اضْرِبْ sükun üzere mebni emir fiildir. Faili müstetir olup takdiri أنت ’dir. بِعَصَا car mecruru اضْرِبْ fiiline müteallik olup, elif üzere mukadder kesra ile mecrurdur. Aynı zamanda muzâftır. Muttasıl zamir كَ muzâfun ileyh olarak mahallen mecrurdur. الْحَجَرَ kelimesi mef‘ûlun bih olup fetha ile mansubdur.
اسْتَسْقٰى fiili, sülâsi mücerrede üç harf ilave edilerek mezid yapılan fiillerdendir. İstif’âl babındandır. Sülâsisi, سقي ‘dir.
Bu bab fiile taleb,tahavvül, vicdan, mutavaat, ittihaz ve itikad gibi anlamlar katar.
فَانْفَجَرَتْ مِنْهُ اثْنَتَا عَشْرَةَ عَيْنًاۜ قَدْ عَلِمَ كُلُّ اُنَاسٍ مَشْرَبَهُمْۜ
Fiil cümlesidir. فَانْفَجَرَتْ cümlesi, atıf harfi فَ ile mukadder cümleye matuftur.
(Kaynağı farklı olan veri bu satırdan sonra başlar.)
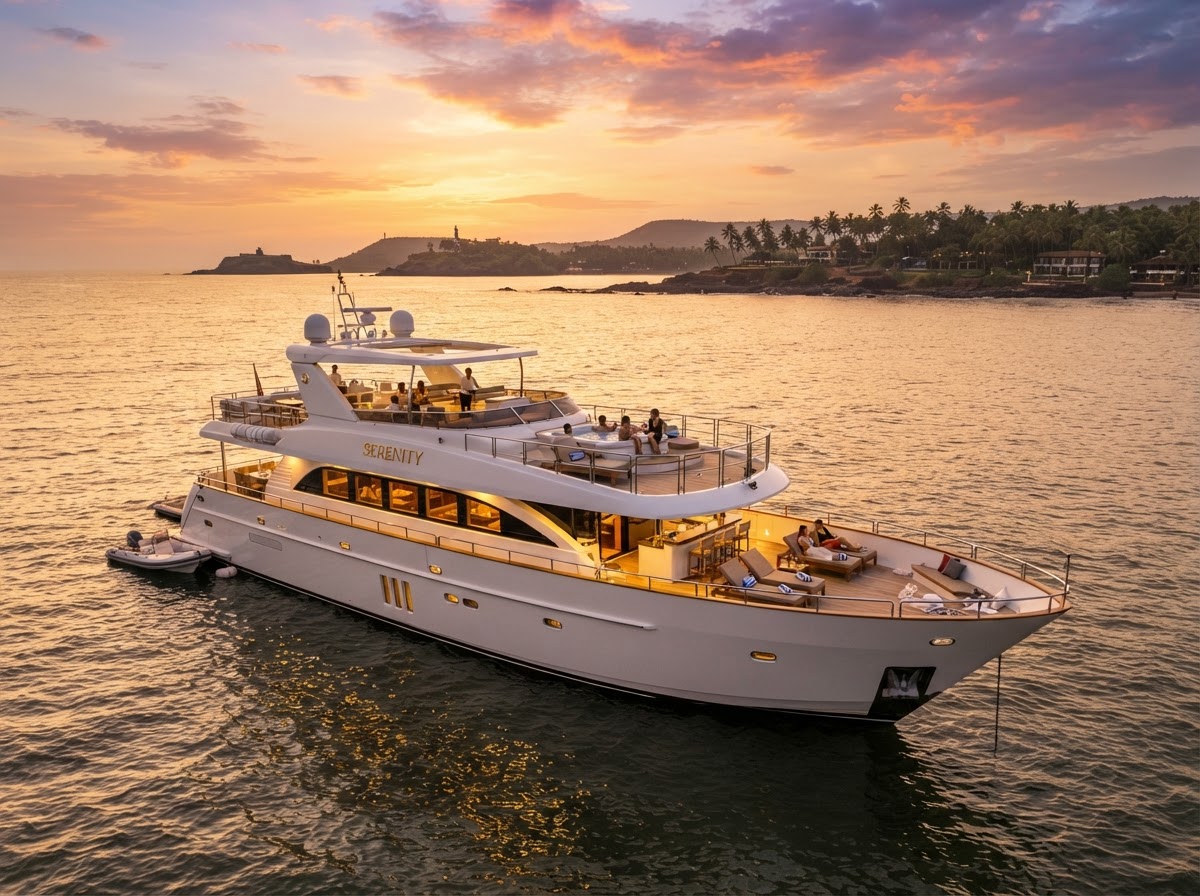 Lady M Luxury Yacht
Takdiri, فضرب فانفجرت (o vurdu ve fışkırdı.) şeklindedir.
انْفَجَرَتْ fetha üzere mebni mazi fiildir. تْ te’nis alametidir. مِنْهُ car mecruru انْفَجَرَتْ fiiline mütealliktir. اثْنَتَا kelimesi faili olup, müsennaya mülhak olduğu için ref alameti tesniye elifidir.
اثْنَتَا عَشْرَةَ mürekkep bir kelimedir. Şibhi izafetten dolayı نْ harfi hazfedilmiştir. عَشْرَةَ ukûd (Onluk sayılar) feth üzere mebnidir. عَيْنًا temyizi olup fetha ile mansubdur.
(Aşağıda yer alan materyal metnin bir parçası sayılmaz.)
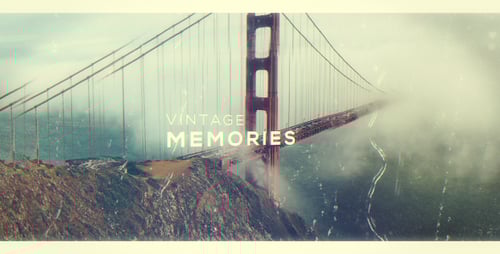 Dynamic Photo Video Memories Slideshow with Retro Effects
قَدْ tahkik harfidir. Tekid ifade eder. عَلِمَ fetha üzere mebni mazi fiildir. كُلُّ fail olup damme ile merfûdur. Aynı zamanda muzâftır. اُنَاسٍ muzâfun ileyh olup kesra ile mecrurdur.
مَشْرَبَهُمْ mef‘ûlun bih olup fetha ile mansubdur. Muttasıl zamir هُمْ muzâfun ileyh olup mahallen mecrurdur.
انْفَجَرَتْ fiili, sülâsî mücerrede iki harf ilave edilerek mezid yapılan fiillerdendir. İnfiâl babındadır. Sülâsîsi فجر ’dir.
Bu bab fiile mutavaat, mücerred yapıdaki asıl anlamıyla kullanılması gibi anlamlar katar.
كُلُوا وَاشْرَبُوا مِنْ رِزْقِ اللّٰهِ وَلَا تَعْثَوْا فِي الْاَرْضِ مُفْسِد۪ينَ
Fiil cümlesidir. كُلُوا fiili نَ ‘un hazfıyla mebni emir fiildir. Zamir olan çoğul و ‘ı fail olarak mahallen merfûdur. اشْرَبُوا atıf harfi وَ ile makabline matuftur. مِنْ رِزْقِ car mecruru اشْرَبُوا fiiline mütealliktir. اللّٰهِ lafza-i celâl muzâfun ileyh olarak kesra ile mecrurdur.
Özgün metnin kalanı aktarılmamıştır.